Perché la legge costituzionale sull’elezione diretta del premier arrivi sul tavolo del consiglio dei ministri serve ancora «un mese, un mese e mezzo», spiegano da palazzo Chigi. Una bozza c’è, sarà illustrata al vertice di maggioranza convocata dalla premier il 6 settembre. Ma, sempre secondo fonti di palazzo Chigi, non corrisponde alle anticipazioni di queste ore, definite «totalmente inventate». La versione collima con quella del ministero delle Riforme, che si trincera dietro un infastidito «no comment».

Da questa parte filtra una road map più ottimistica, di una decina di giorni, per mettere a punto le «questioni tecniche», leggasi lo scasso della Costituzione: il testo che la ministra Maria Elisabetta Casellati ha assemblato è sulla scrivania di Francesco Saverio Marini, consigliere giuridico di Palazzo Chigi.

Ma i punti aperti sono parecchi: Casellati, per dire, è contraria alla sfiducia costruttiva e favorevole al principio che premier e governo «simul stabunt simul cadent». Principio che fa venire le bolle all’opposizione. Ma il problema non sta nelle minoranze: sta ancora tutto nella maggioranza.

Lo si capisce dalle certezze ostentate dal ministro Roberto Calderoli: l’autonomia differenziata sarà legge «all’inizio del 2024». Per Fdi è escluso: intanto perché quella riforma farà perdere una valanga di voti al Sud, non un buon viatico per le europee di giugno. E poi l’autonomia è una legge ordinaria, l’elezione diretta del premier è una legge costituzionale, prima delle europee non riuscirebbe ad essere votata neanche da una camera. Se lo scambio fra Lega e Fdi è su questi due provvedimenti-bandiera, Fdi non si vuole far fregare.

Insomma, nonostante l’accelerazione impressa da Meloni sull’elezione diretta del premier, di fatto la maggioranza resta incartata.

C’è anche il fatto che l’idea dell’elezione diretta, con conseguente rattrappimento dei poteri del Quirinale, è un’arma servita su piatto d’argento alle opposizioni (tutte tranne Iv).

Lo ha messo in chiaro martedì scorso Alessandro Alfieri a nome di Elly Schlein: «è la proposta peggiore che si potesse mettere in campo», «indebolisce la figura del presidente della Repubblica, che diventa residuale, e svuota di poteri il parlamento».

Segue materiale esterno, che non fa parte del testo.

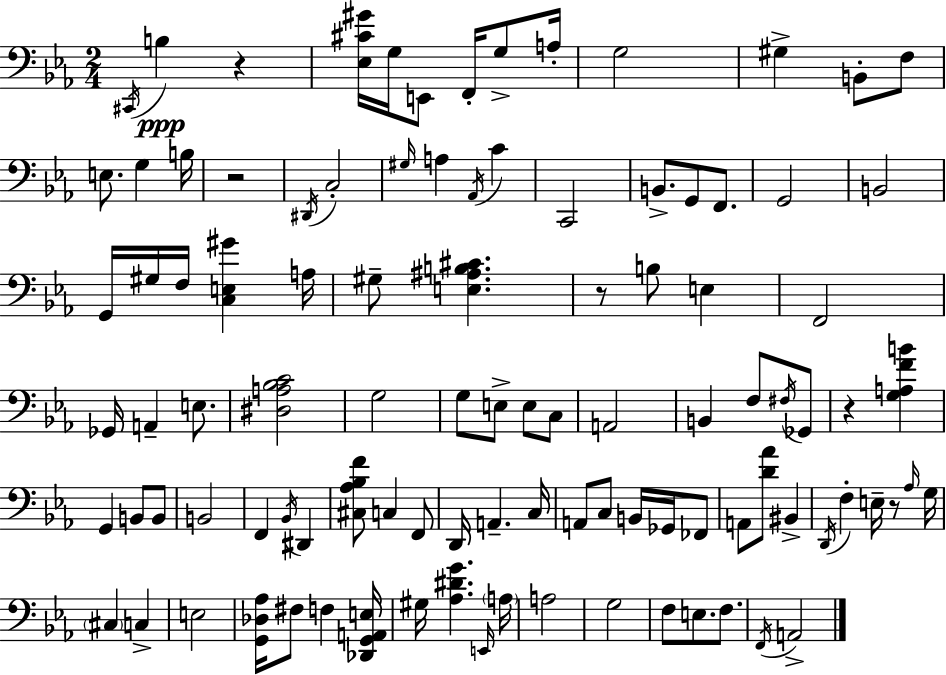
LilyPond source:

{
  \clef bass
  \numericTimeSignature
  \time 2/4
  \key ees \major
  \acciaccatura { cis,16 }\ppp b4 r4 | <ees cis' gis'>16 g16 e,8 f,16-. g8-> | a16-. g2 | gis4-> b,8-. f8 | \break e8. g4 | b16 r2 | \acciaccatura { dis,16 } c2-. | \grace { gis16 } a4 \acciaccatura { aes,16 } | \break c'4 c,2 | b,8.-> g,8 | f,8. g,2 | b,2 | \break g,16 gis16 f16 <c e gis'>4 | a16 gis8-- <e ais b cis'>4. | r8 b8 | e4 f,2 | \break ges,16 a,4-- | e8. <dis a bes c'>2 | g2 | g8 e8-> | \break e8 c8 a,2 | b,4 | f8 \acciaccatura { fis16 } ges,8 r4 | <g a f' b'>4 g,4 | \break b,8 b,8 b,2 | f,4 | \acciaccatura { bes,16 } dis,4 <cis aes bes f'>8 | c4 f,8 d,16 a,4.-- | \break c16 a,8 | c8 b,16 ges,16 fes,8 a,8 | <d' aes'>8 bis,4-> \acciaccatura { d,16 } f4-. | e16-- r8 \grace { aes16 } g16 | \break \parenthesize cis4 c4-> | e2 | <g, des aes>16 fis8 f4 <des, g, a, e>16 | gis16 <aes dis' g'>4. \grace { e,16 } | \break \parenthesize a16 a2 | g2 | f8 e8. f8. | \acciaccatura { f,16 } a,2-> | \break \bar "|."
}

Dal Colle bocche cucite, non è tema su cui il presidente intende intervenire né avrebbe competenza. Anche se è chiaro che la polarizzazione dello scontro sui “propri” poteri è l’ultima cosa che da lassù ci si augura.

Attaccare Mattarella

Eppure attaccare, di fatto, Mattarella fa paura alla maggioranza. Tant’è che dal ministero di Casellati è filtrata una pallida rassicurazione unofficial: si sta lavorando a evitare che la figura del capo del governo metta in discussione i poteri del capo dello Stato. Ma non è possibile. E se questo è il menù, il Pd e le opposizioni prenderanno le difese del Colle. E di Mattarella in persona, l’uomo delle istituzioni che gode del maggior consenso del paese.

Lo scontro è assicurato, fino ad un eventuale referendum. «Diverso sarebbe se la maggioranza si accontentasse dell’indicazione sulla scheda e accettasse una ragionevole flessibilità per cui non si torni sempre al voto ad ogni cambiamento di premier, sul modello della costituzione tedesca, art. 67 e 68», spiega il professore Stefano Ceccanti in un saggio in uscita nel prossimo numero della rivista Quaderni costituzionali. Lettura consigliata per Meloni.

A meno che la premier non cerchi l’azzardo. Prima ancora deve però sminare l’autonomia, senza la quale la Lega non darà nessun via libera.